## Your instructions
Start at the line holding "Immagine prodotto di". Write out that line and each one after it to the end of the data, unchanged.

## Saved entries
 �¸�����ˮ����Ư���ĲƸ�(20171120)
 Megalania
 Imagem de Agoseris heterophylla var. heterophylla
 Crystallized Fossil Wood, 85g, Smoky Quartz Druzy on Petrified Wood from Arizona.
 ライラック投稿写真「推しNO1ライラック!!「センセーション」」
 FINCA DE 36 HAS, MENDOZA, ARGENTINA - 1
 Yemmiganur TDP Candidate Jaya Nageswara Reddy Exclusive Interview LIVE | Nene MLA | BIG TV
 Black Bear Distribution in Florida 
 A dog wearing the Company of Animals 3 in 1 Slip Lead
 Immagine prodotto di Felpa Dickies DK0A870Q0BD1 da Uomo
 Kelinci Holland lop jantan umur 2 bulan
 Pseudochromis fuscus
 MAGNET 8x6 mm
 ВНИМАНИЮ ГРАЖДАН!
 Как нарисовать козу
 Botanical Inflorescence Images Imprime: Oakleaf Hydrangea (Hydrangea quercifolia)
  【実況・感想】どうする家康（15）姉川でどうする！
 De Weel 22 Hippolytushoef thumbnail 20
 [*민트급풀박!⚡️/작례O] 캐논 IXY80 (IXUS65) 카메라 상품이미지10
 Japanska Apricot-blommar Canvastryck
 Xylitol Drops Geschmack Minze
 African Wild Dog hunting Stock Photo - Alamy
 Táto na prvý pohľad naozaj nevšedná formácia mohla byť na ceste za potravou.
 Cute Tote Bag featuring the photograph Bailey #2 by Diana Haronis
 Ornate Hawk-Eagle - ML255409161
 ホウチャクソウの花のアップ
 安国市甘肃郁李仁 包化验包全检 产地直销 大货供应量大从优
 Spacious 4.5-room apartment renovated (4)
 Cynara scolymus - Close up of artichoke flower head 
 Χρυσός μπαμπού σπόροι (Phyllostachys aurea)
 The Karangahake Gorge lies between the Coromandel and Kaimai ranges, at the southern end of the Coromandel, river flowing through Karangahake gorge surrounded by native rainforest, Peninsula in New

## Your solution
 Immagine prodotto di Felpa Dickies DK0A870Q0BD1 da Uomo
 Kelinci Holland lop jantan umur 2 bulan
 Pseudochromis fuscus
 MAGNET 8x6 mm
 ВНИМАНИЮ ГРАЖДАН!
 Как нарисовать козу
 Botanical Inflorescence Images Imprime: Oakleaf Hydrangea (Hydrangea quercifolia)
  【実況・感想】どうする家康（15）姉川でどうする！
 De Weel 22 Hippolytushoef thumbnail 20
 [*민트급풀박!⚡️/작례O] 캐논 IXY80 (IXUS65) 카메라 상품이미지10
 Japanska Apricot-blommar Canvastryck
 Xylitol Drops Geschmack Minze
 African Wild Dog hunting Stock Photo - Alamy
 Táto na prvý pohľad naozaj nevšedná formácia mohla byť na ceste za potravou.
 Cute Tote Bag featuring the photograph Bailey #2 by Diana Haronis
 Ornate Hawk-Eagle - ML255409161
 ホウチャクソウの花のアップ
 安国市甘肃郁李仁 包化验包全检 产地直销 大货供应量大从优
 Spacious 4.5-room apartment renovated (4)
 Cynara scolymus - Close up of artichoke flower head 
 Χρυσός μπαμπού σπόροι (Phyllostachys aurea)
 The Karangahake Gorge lies between the Coromandel and Kaimai ranges, at the southern end of the Coromandel, river flowing through Karangahake gorge surrounded by native rainforest, Peninsula in New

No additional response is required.